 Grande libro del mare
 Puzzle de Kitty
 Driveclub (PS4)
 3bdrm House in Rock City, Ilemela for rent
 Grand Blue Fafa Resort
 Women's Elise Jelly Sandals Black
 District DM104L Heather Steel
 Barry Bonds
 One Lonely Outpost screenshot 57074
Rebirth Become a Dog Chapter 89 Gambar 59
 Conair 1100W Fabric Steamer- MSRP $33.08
========
## [Prompt]
What you return must match the listing exactly, line for line.

## [The completed task]
 Grande libro del mare
 Puzzle de Kitty
 Driveclub (PS4)
 3bdrm House in Rock City, Ilemela for rent
 Grand Blue Fafa Resort
 Women's Elise Jelly Sandals Black
 District DM104L Heather Steel
 Barry Bonds
 One Lonely Outpost screenshot 57074
Rebirth Become a Dog Chapter 89 Gambar 59
 Conair 1100W Fabric Steamer- MSRP $33.08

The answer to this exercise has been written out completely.